What is needed:
In the listing below, find the line containing "bedroom with dark carpet" and the line containing "Smiling attractive female", then copy exactly everything from the first through the second, except the pictures.

Exercise data:
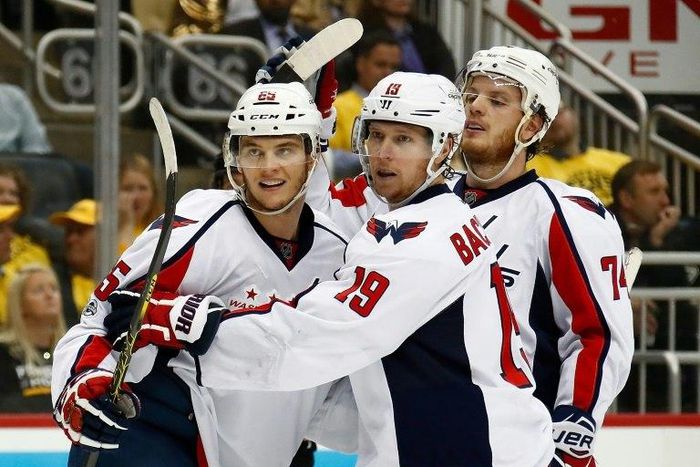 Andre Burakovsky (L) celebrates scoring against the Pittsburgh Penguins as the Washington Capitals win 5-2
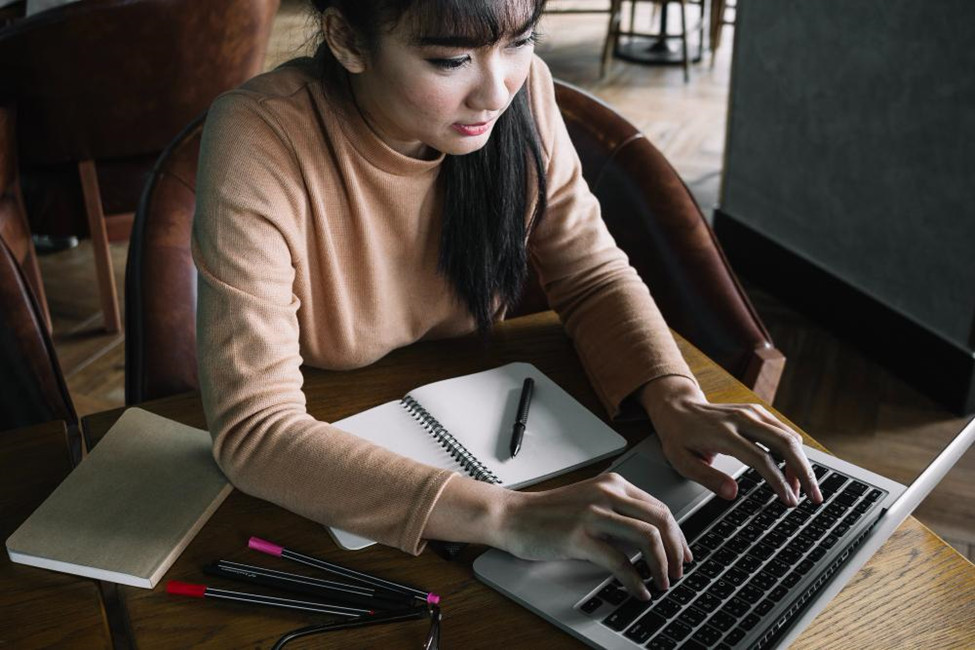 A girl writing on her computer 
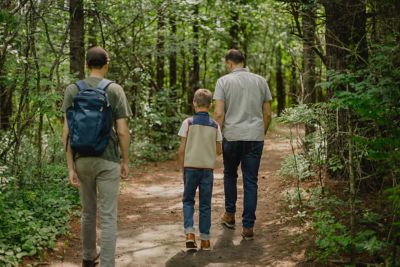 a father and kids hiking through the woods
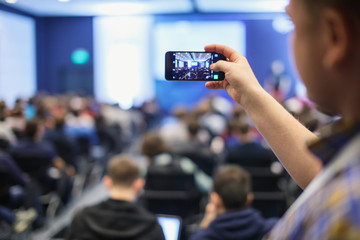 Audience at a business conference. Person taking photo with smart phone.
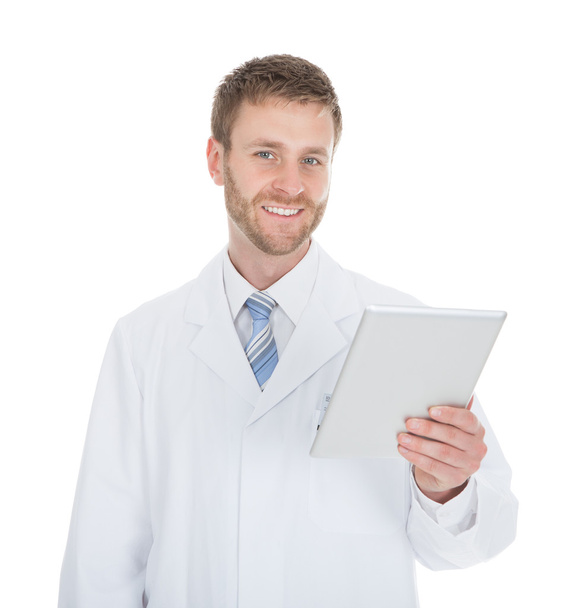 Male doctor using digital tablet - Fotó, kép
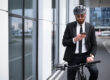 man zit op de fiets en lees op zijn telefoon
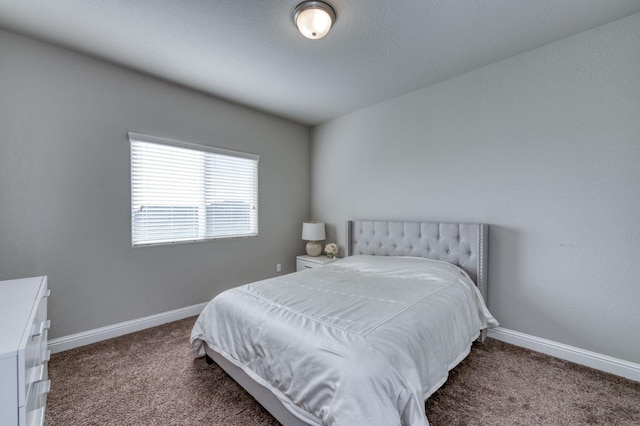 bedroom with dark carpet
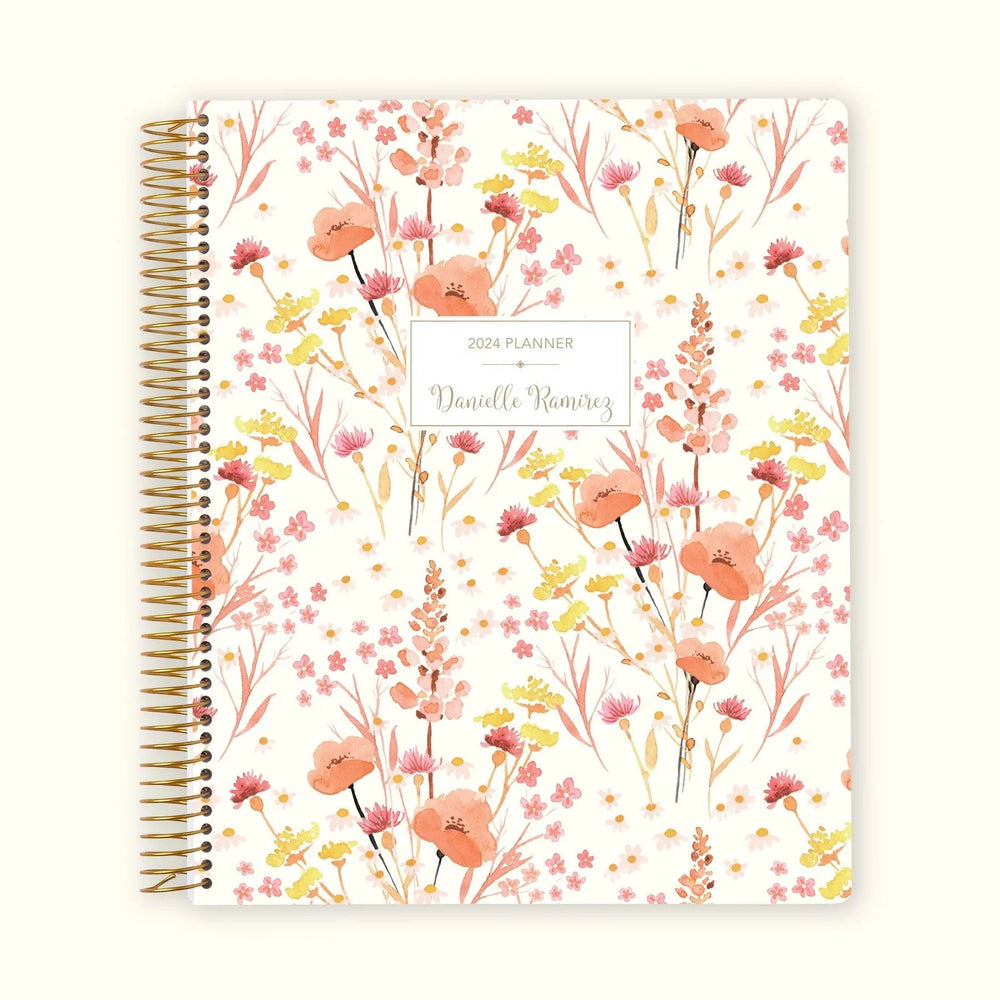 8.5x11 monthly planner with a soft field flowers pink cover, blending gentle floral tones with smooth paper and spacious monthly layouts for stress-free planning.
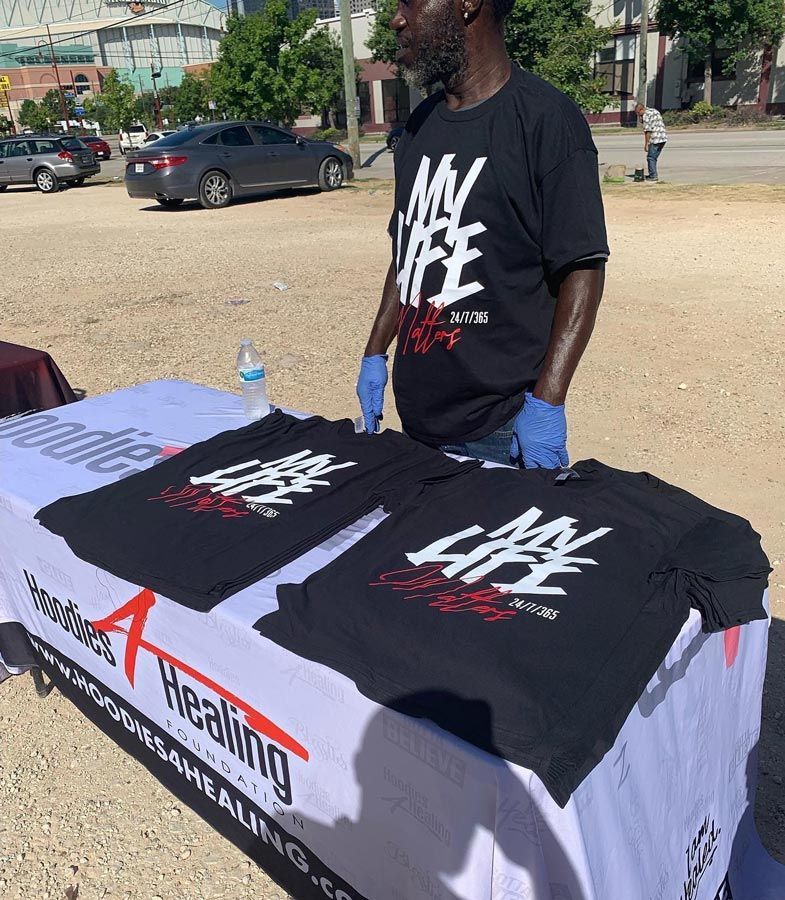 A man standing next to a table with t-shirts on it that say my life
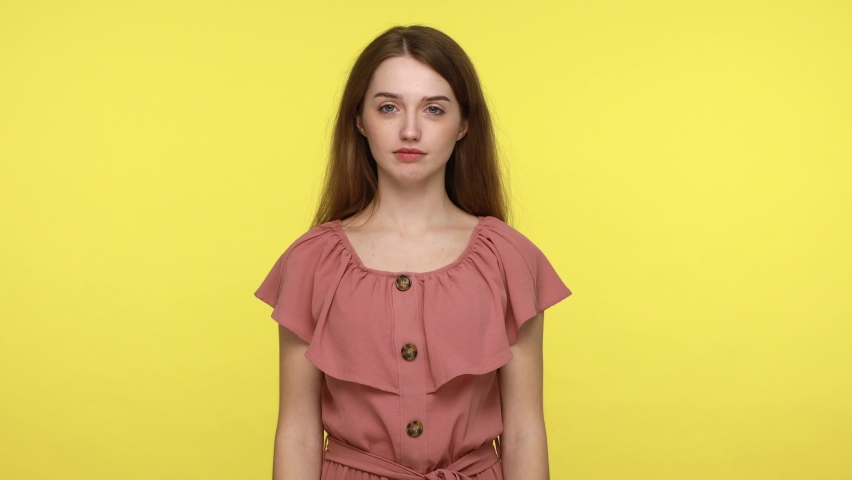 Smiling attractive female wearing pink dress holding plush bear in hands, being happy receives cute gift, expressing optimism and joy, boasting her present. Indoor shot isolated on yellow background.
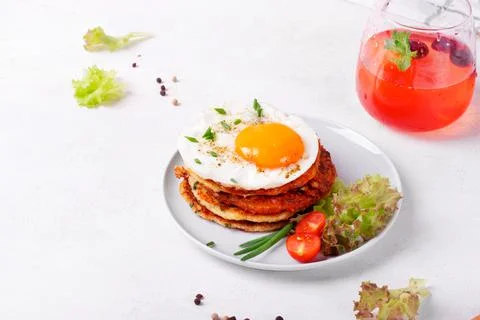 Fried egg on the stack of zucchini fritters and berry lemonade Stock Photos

Task response:
 bedroom with dark carpet
 8.5x11 monthly planner with a soft field flowers pink cover, blending gentle floral tones with smooth paper and spacious monthly layouts for stress-free planning.
 A man standing next to a table with t-shirts on it that say my life
 Smiling attractive female wearing pink dress holding plush bear in hands, being happy receives cute gift, expressing optimism and joy, boasting her present. Indoor shot isolated on yellow background.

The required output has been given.